Language, social processes & silence

Presenting someone else’s research is a difficult and somewhat uncomfortable task (see “Manufacturing Silences: Migration, Marginalization, and L2 Anxiety“). Especially in the social sciences, such inquiry, often extended over several years of recurring contact with participants and other sources, is intimate and emotionally fraught.

Bonny Norton’s article “Social Identity, Investment, and Language Learning” (TESOL Quarterly 29, no. 1 [spring 1995]:9-31) expresses the outcome of years of interaction with female Canadian migrants that Norton had first met in a class she taught for ELLs. She interviewed five women and recorded private reflections that each had on how they negotiated awkward L1-L2 interactions and what effects language acquisition had on their private identities.

I often quote one of my former professors, Walter Brueggemann, who said, with some hyperbole, that “all scholarship is autobiography.” Given Norton’s clear social commitments and investment in language learners’ “right to speak” – perhaps dating back to days as an applied linguistics student at the University of the Witwatersrand in Johannesburg, where she studied apartheid’s oppressive language policies – it is clear that Norton’s Ph.D. study was infused with personal experience and the responsibilities of a public intellectual.

From the presentation and written comments, I gain two grace notes that I can carry as research continues.

The first is that questions about the place of language in social processes are valid and can awaken introspection into what some call a “hidden discrimination,” that of societal judgments about a person’s communication style and the even more secretive self-assessments when a person lacks native-speaker fluency.

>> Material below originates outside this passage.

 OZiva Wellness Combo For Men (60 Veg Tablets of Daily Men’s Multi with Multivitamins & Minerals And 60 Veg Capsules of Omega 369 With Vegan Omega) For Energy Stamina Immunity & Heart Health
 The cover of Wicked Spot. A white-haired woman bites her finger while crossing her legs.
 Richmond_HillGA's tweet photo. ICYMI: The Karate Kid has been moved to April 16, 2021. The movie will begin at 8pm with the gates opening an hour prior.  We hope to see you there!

Second, class comments suggest that discourse power dynamics are not always front and center in people’s minds. Research from Norton and others begin to suggest, while not explicitly, that H. Paul Grice’s cooperative principle does not hold in all situations.

Yet a number of classmates, for example, had questions about the power imbalance I mentioned between L2 Spanish learners and L2 English learners in intercambio exchanges. My speculation is that the L2 Spanish learners gain more conversation practice in Spanish based on a situational dominance that allows them to prioritize learning goals. Clearly, this assertion needs more evidence.

During the presentation and throughout ENGL 623 (“Second Language Acquisition”), I noticed how much I and others appreciate being able to hear and read authentic language-learner output. Clearly, I need to begin compiling examples of speech and written production to figure out what is going on with individual learners – including if social factors are influencing the acquisition process. I need raw data with which to work. Only by turning to L2 learners and their native-speaker interlocutors can we begin to address questions such as the query that one of my classmates submitted:

The women [in Norton’s study] mentioned time in which they were “silenced.” A lot of these silences were based on the women’s perceptions of others’ perceptions of them – customer mentioning accents, being “illegitimate speakers,” talking to doctors. Are these perceptions real? That is, is the other person really holding these perceptions or are they just perceived, or a little of both?

The question signals a potentially interesting exploration of L2 self-silencing, perhaps requiring both linguistic and therapeutic inputs.